These shrubs were carefully placed to the east and northeast to form a half-man-high barrier that sheltered the hill from the ground.
After blocking the view of the Mongols, Mao Yuanyi began to command the Ming army to dig the soil on the periphery of the mountain, digging a trench around the top of the mountain, about one meter wide and half a meter deep.
The excavated soil was packed in prepared sacks, and a second line of defense was formed along the dug trenches. The sacks were laid parallel to the trench and were arranged in a double staggered manner, with the gap in the middle filled with earth.
These low walls, made of sacks filled with soil, were no more than a meter high, but together with the outer moats, the Mongols had lost the height advantage of riding horses.

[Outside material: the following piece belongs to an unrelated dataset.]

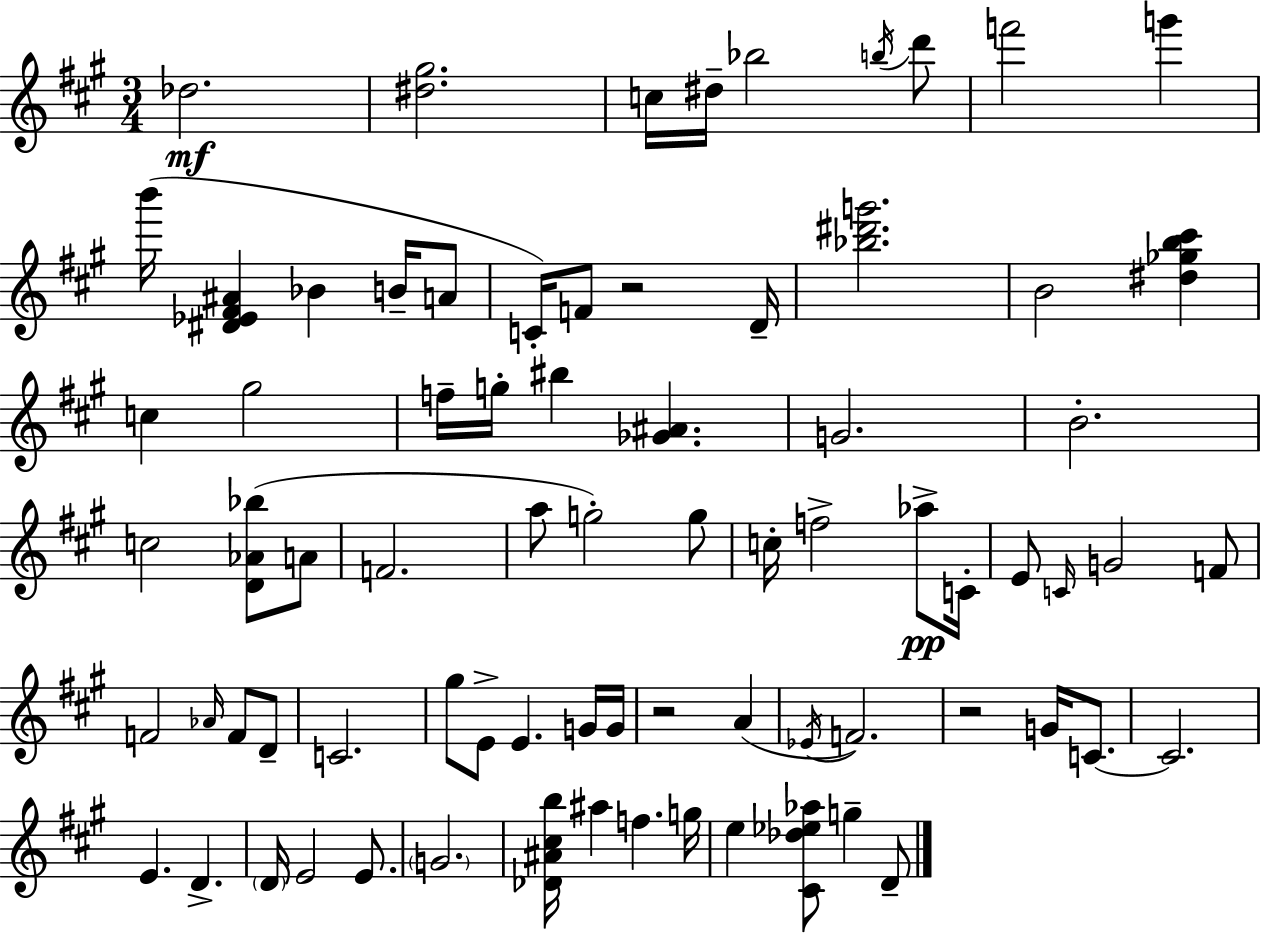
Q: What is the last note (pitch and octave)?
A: D4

By the time Iribis's thousand-strong army cleared the perimeter of the hilltop and piled up the barrier with cut bushes, the trenches and defensive lines to the north of the Ming army were already complete.
When Mao Yuanyi noticed that the Mongols were beginning to clear the bush barrier they had erected, he ordered 10 spear teams to enter the trench in front of the improvised earthen wall according to the reserved entrances and exits, and archers and musketeers stood behind the earthen wall to meet the enemy.
After entering the trench, a team of 50 spearmen entered the trench, they crouched down, raised the spear diagonally forward 45 degrees, and held the spear tightly with both hands, so that the root of the spear was propped up on the side wall of the trench behind him.
500 spearmen could not block nearly a kilometer of frontal defense, but it was enough to block the passage up the hill cleared by the Mongols, and on either side of each spearman, a number of rattan soldiers were arranged to guard the flanks.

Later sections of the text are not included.